WHAT IS NEEDED:
Look below for the line that contains "Used 2025 Lexus", then copy it and each following line exactly, through and including the line that contains "bontott FORD TRANSIT Bal első Ajtóhatároló".

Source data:
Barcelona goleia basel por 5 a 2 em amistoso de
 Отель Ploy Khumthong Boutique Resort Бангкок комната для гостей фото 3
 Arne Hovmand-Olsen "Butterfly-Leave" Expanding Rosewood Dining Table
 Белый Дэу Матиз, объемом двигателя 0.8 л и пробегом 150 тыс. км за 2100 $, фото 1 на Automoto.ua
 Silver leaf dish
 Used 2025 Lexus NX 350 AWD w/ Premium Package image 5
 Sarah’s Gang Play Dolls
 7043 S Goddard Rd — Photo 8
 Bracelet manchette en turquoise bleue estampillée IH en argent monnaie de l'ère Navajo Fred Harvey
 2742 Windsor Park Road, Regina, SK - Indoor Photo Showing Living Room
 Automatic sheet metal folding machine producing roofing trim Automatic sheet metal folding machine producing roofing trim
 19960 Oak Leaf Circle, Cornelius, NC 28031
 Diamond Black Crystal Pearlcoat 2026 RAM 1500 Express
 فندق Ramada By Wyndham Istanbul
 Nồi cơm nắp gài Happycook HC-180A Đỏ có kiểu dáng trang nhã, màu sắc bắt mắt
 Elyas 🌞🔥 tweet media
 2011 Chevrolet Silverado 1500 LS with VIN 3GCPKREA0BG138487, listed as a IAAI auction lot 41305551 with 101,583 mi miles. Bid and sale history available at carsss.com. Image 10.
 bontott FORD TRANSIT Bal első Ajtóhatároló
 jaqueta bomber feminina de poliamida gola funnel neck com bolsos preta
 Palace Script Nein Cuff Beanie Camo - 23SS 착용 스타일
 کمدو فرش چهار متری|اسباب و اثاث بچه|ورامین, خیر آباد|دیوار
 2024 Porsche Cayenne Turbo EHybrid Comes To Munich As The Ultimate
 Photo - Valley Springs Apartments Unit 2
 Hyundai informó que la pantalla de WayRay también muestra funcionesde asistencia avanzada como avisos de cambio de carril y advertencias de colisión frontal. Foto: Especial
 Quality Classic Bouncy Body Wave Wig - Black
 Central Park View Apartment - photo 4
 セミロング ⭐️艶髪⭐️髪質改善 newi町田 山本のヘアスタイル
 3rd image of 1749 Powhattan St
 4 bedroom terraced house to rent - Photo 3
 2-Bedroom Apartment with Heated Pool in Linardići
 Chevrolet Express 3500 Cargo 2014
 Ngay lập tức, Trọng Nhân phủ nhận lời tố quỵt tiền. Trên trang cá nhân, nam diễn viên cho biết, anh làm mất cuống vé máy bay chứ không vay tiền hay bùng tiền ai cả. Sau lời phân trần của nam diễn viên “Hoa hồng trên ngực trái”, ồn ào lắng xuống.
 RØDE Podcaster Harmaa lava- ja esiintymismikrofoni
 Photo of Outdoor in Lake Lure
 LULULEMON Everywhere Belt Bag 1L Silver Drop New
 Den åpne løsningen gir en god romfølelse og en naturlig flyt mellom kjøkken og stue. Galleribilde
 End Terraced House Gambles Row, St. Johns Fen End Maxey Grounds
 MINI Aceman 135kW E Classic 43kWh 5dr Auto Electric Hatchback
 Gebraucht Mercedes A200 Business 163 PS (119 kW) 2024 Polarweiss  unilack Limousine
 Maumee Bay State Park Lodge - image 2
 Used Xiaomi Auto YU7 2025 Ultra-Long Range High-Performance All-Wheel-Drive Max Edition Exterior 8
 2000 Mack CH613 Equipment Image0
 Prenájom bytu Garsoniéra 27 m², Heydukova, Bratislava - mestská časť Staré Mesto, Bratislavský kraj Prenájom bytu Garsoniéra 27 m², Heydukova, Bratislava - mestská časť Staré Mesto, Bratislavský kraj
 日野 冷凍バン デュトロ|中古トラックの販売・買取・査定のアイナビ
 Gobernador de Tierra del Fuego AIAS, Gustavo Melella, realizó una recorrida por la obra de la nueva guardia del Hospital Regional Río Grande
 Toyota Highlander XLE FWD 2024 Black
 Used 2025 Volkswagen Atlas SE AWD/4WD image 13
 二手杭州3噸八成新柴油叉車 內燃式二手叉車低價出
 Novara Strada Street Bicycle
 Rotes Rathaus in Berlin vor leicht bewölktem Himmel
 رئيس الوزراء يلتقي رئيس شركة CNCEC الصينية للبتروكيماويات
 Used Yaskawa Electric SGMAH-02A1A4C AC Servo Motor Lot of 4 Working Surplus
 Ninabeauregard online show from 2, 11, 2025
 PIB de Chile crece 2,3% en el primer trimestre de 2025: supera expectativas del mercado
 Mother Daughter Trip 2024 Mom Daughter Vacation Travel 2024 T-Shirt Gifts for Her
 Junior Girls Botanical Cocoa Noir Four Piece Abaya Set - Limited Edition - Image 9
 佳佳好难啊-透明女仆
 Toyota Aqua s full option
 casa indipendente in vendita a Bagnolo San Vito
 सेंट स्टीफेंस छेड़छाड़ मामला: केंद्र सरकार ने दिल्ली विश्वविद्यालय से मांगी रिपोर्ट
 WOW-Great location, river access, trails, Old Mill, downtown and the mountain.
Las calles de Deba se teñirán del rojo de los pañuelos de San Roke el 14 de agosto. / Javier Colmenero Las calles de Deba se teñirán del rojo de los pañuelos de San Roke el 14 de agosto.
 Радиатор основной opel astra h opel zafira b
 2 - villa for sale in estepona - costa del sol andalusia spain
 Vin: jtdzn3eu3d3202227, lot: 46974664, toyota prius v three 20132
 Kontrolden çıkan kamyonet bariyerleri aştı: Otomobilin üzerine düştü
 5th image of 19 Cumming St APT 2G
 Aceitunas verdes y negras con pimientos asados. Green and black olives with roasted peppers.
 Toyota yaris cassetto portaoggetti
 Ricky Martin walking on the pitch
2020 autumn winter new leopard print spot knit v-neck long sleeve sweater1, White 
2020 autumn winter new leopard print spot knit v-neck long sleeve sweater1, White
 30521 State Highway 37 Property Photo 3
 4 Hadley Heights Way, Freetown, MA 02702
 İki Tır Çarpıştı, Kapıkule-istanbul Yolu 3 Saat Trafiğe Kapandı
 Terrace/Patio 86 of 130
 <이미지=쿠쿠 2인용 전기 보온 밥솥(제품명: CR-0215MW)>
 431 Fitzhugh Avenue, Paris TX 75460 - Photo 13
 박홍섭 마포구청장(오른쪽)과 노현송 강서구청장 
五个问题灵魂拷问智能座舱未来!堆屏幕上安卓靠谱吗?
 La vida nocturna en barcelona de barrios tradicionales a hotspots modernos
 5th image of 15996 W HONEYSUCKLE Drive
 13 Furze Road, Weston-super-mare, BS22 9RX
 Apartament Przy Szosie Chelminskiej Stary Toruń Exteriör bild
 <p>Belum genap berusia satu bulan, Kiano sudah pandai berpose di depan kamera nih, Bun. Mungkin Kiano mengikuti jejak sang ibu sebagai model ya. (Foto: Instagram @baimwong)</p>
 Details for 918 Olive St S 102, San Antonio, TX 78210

FINISHED TASK:
 Used 2025 Lexus NX 350 AWD w/ Premium Package image 5
 Sarah’s Gang Play Dolls
 7043 S Goddard Rd — Photo 8
 Bracelet manchette en turquoise bleue estampillée IH en argent monnaie de l'ère Navajo Fred Harvey
 2742 Windsor Park Road, Regina, SK - Indoor Photo Showing Living Room
 Automatic sheet metal folding machine producing roofing trim Automatic sheet metal folding machine producing roofing trim
 19960 Oak Leaf Circle, Cornelius, NC 28031
 Diamond Black Crystal Pearlcoat 2026 RAM 1500 Express
 فندق Ramada By Wyndham Istanbul
 Nồi cơm nắp gài Happycook HC-180A Đỏ có kiểu dáng trang nhã, màu sắc bắt mắt
 Elyas 🌞🔥 tweet media
 2011 Chevrolet Silverado 1500 LS with VIN 3GCPKREA0BG138487, listed as a IAAI auction lot 41305551 with 101,583 mi miles. Bid and sale history available at carsss.com. Image 10.
 bontott FORD TRANSIT Bal első Ajtóhatároló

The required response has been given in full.